In embodiments, the point cloud of a new “unknown” dummy device is applied to the kinematic analyzer previously trained with a ML algorithm. The output of the kinematic analyzer are kinematic descriptors, e.g. link identifiers or link types for the relevant device cloud points.

In embodiments, each recognized link entity is labeled with its link identifier such as Ink1, Ink2, Ink3 etc.

By means of the kinematic analyzer, embodiments enable to determine where are the links and the joint(s) in order to defining them as part of the kinematic chain(s) of the analyzed device.

Embodiments enable to generate the definition of the kinematics capability of the analyzed device.

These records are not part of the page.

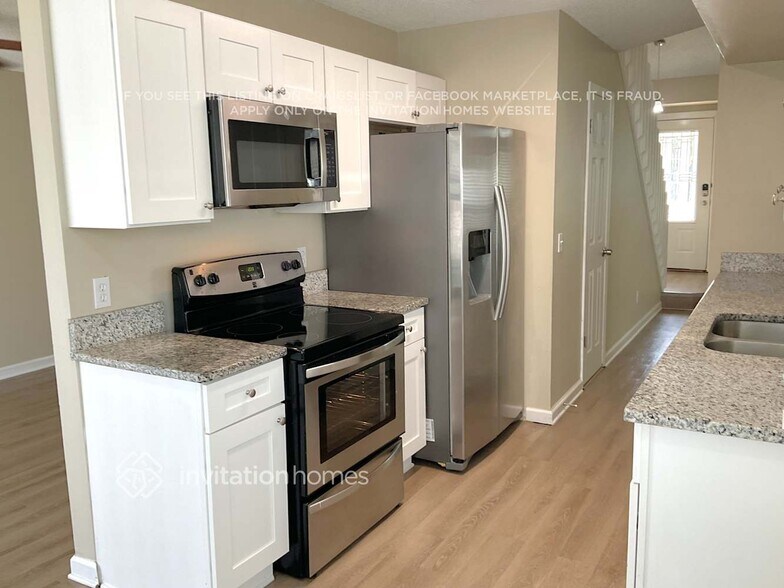 Building Photo - 1037 Whittier Cir
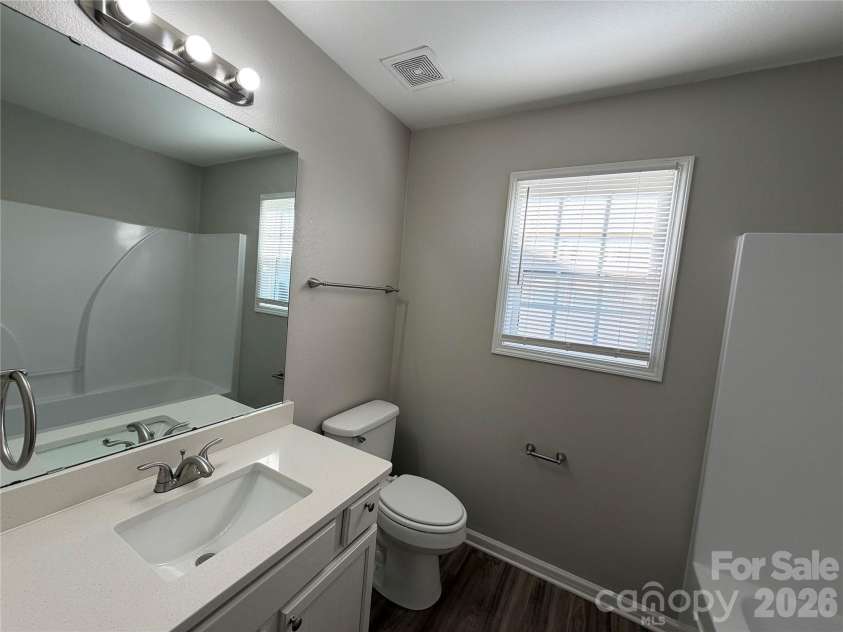 6014 Fiddleleaf Court, Charlotte, NC 28215.  MLS# CAR4365348, YatesRealty ID 13383. 
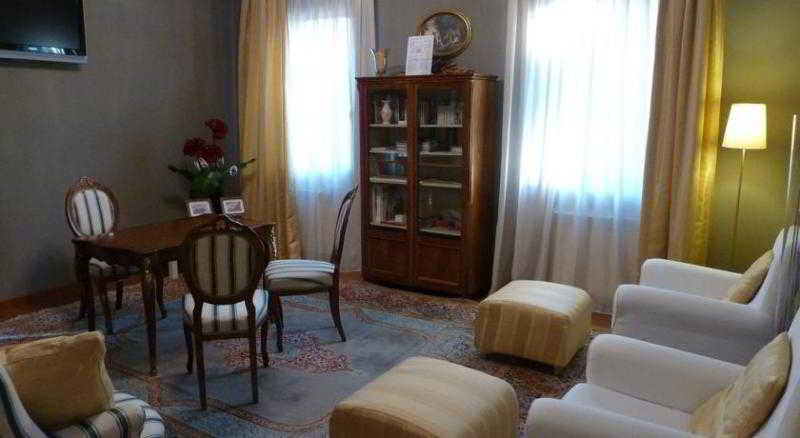 Small Royal, Padova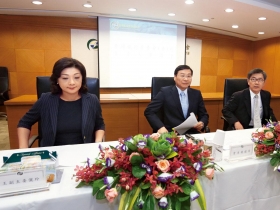 內嚴外鬆 金管會遇外資矮半截？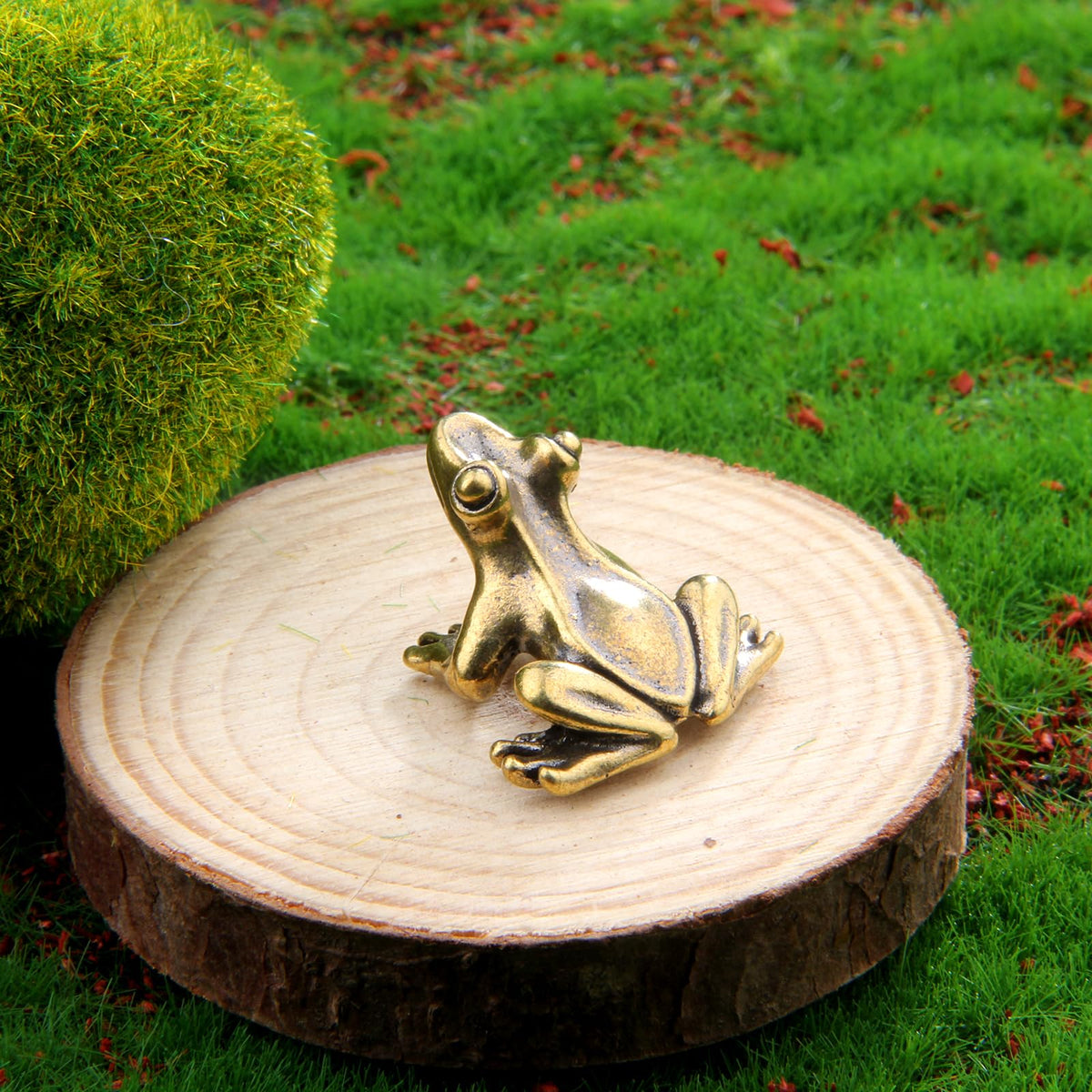 KKBES gold brass frog figurines set perfect for gifting to nature lovers.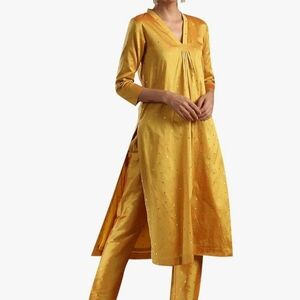 Elegant Gold Women's Kurta Set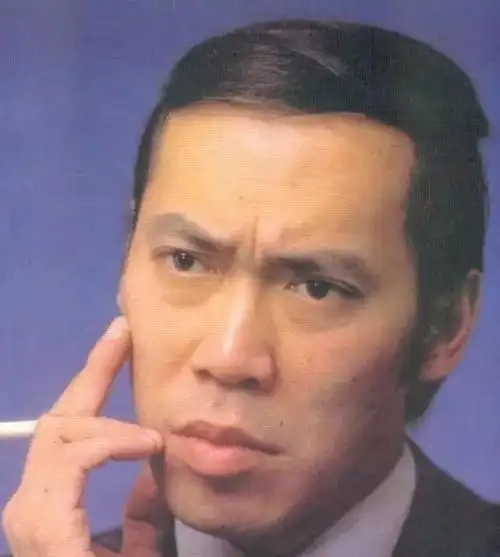 父亲是粤剧老生冯镜华,这位香港著名男演员兼监制,因一张长脸外加一撇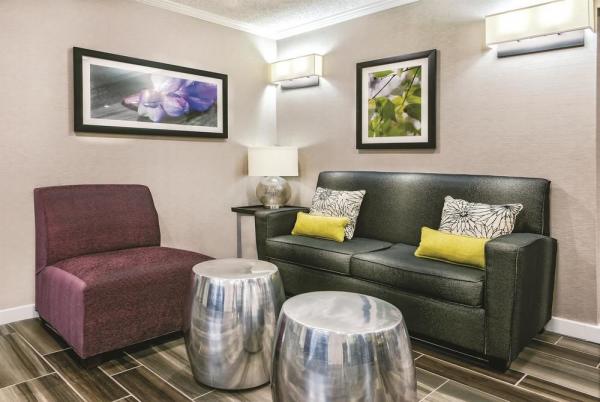 LA QUINTA INN HOUSTON BAYTOWN EAST 4025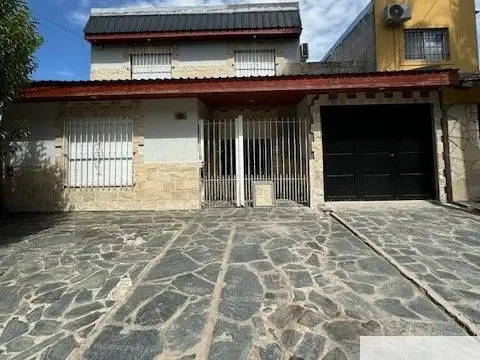 Casa en venta de 5 dormitorios c/ cochera en Berisso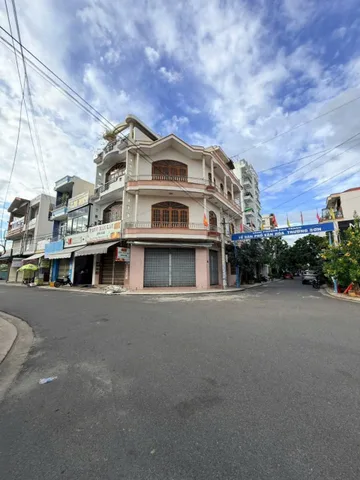 Bán Nhà riêng 97.5m2 có sẵn 97.5 m2 thổ cư giá 22 tỷ tại Đường Phan Vinh Phường Vĩnh Nguyên Thành phố Nha Trang Khánh Hòa
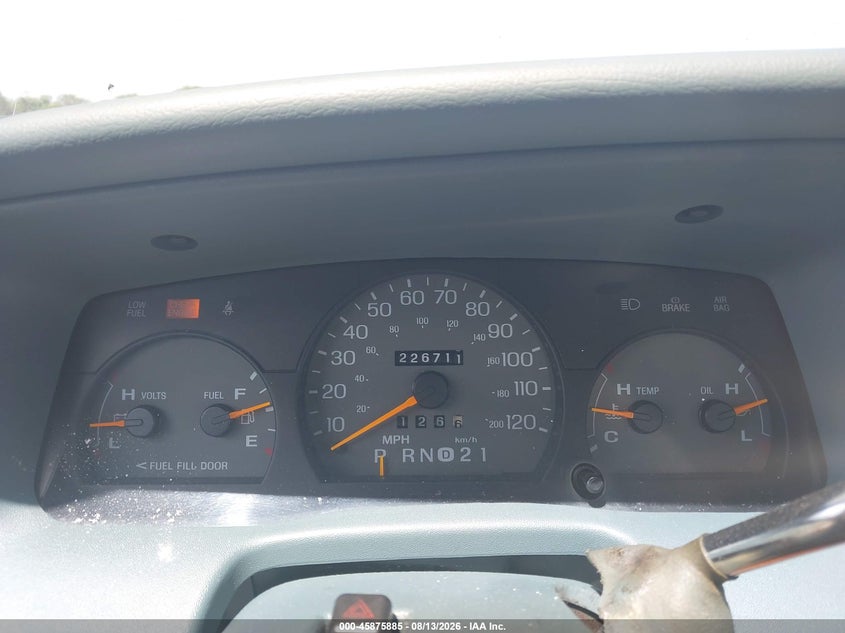 1997 Mercury Grand marquis VIN 2MELM74W8VX630185 IAAI salvage auction — FRONT END, Rebuildable (Florida), sold $425 on 2026-08-27 (photo 7)
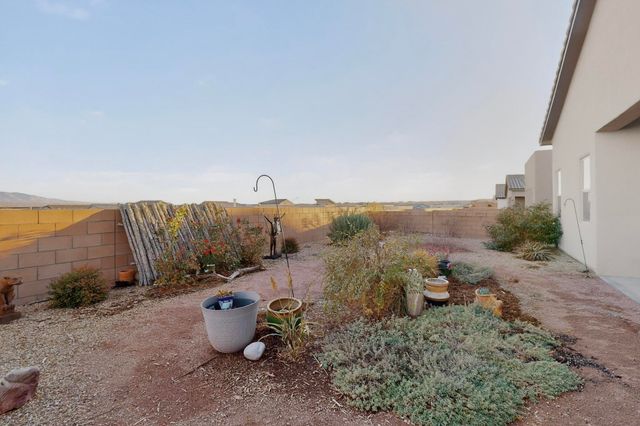 6914 Cleary Loop NE, Rio Rancho, NM 87144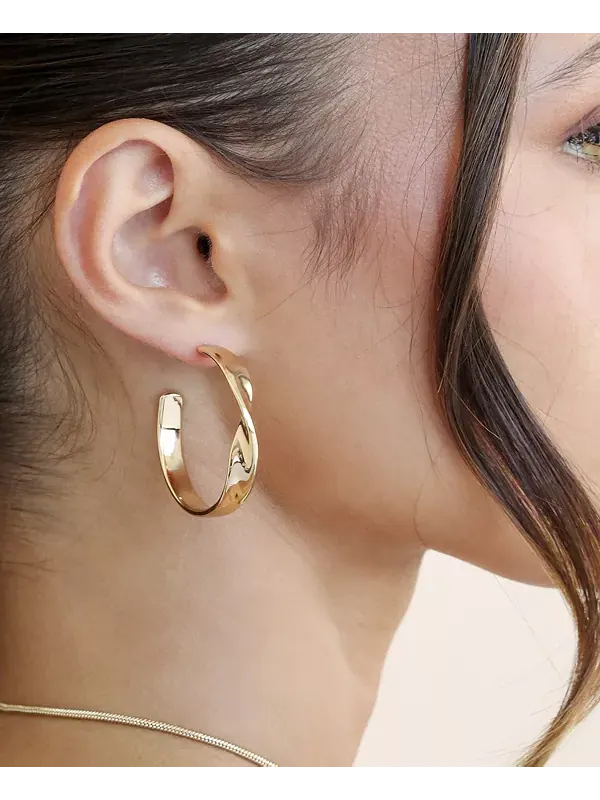 Серьги-Кольца Heirloom Twist среднего размера Ettika — изображение 4 из 4, оттенок золото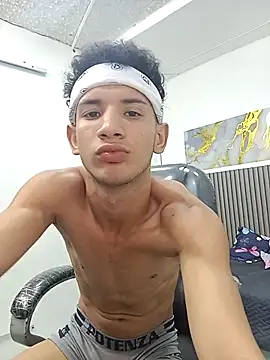 JDWhite18 online show from 03-18-26, 04:15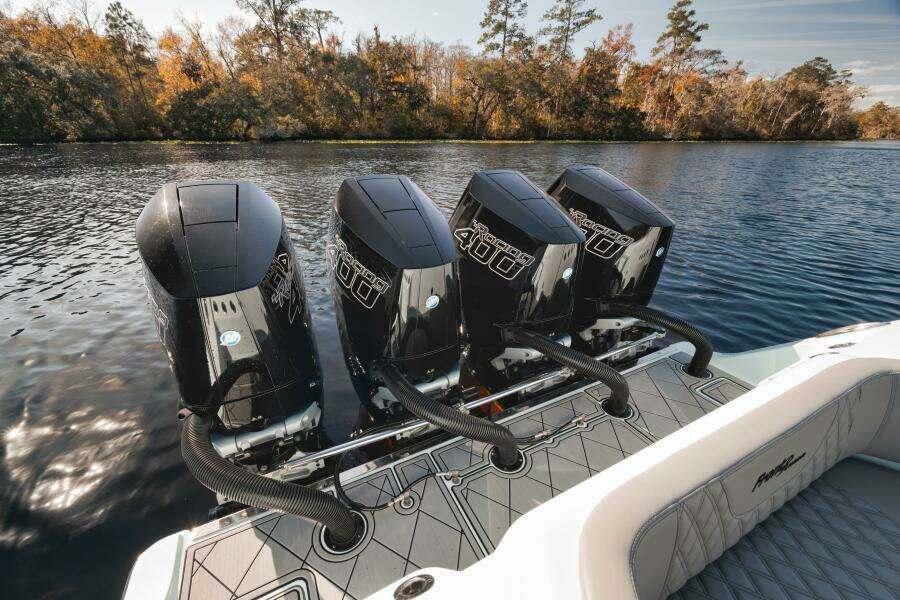 39ft Front Runner Yacht For Sale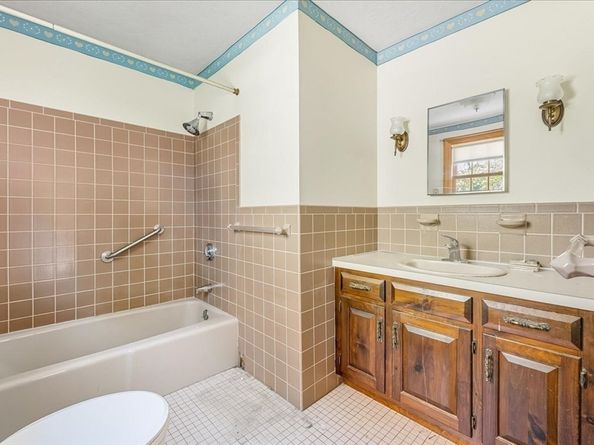 210 Causeway Street, Millis MA 02054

In embodiments, during the execution phase of the algorithm, a device's CAD file may be provided as input for pre-processing 403.

In embodiments, the file of the CAD model can be provided in a jt. format file, e.g. the native format of Process Simulate. In other embodiments, the file describing the device model can be provided into any other suitable file format describing a 3D model or sub-elements of it. In embodiments, this file in this latter format may preferably be converted into JT via a file converter, e.g. an existing one or ad-hoc created converter.

In embodiments, the output 406 of the kinematic analyzer 405 algorithm is processed 407 to determine a set of descriptors of the joints (and optionally links) for determining the kinematic chain(s) in the device 3D model 402.

In embodiments, the output of the kinematic analyzer with descriptors of the joints 412 is processed by a post-processing module 407. In embodiments, in the post processing module 407 includes determining the kinematic capabilities of the dummy device. In embodiments, the post processing module 407 includes identifying at least two device's links with two different identifiers associated to a same descriptor link type for example via clustering. In embodiments, the post processing module 407 includes additionally identifying a joint connecting the at least two links.

Embodiments of an algorithm for detecting a kinematic capability in a dummy device include one or more of the following steps:

    • loading new dummy device in Process Simulate
    • creating point cloud for this kinematics device, optional down-sampling
    • applying a kinematic analyzer to list of points of device entities e.g. entity A, entity B.
    • post processing may include assigning points to their common link identifier, refining the point which are not properly assigned, splitting link types with a classifier, finding one or more corresponding joints.

For example, for entities A and B inputs data are List <points>:

    • Entity A: points: 1,2,50,70,456,8888, 10000 . . .
    • Entity B: points: 13,22,70,71,73,73, 78 . . . .
    • Etc.
      After having applied the List <points> to the analyzer 405 the output data 406 include <link indexes>
    • Entity A: points: 1 (link 1), 2 (link 1),50 (link 1), 70 (link 1), 456 (link 1),8888 (link 2),10000 (link 1), . . . . Therefore even if point 8888 was wrongly assigned to link link 1 all points of the entity A are assigned to belong to link 1.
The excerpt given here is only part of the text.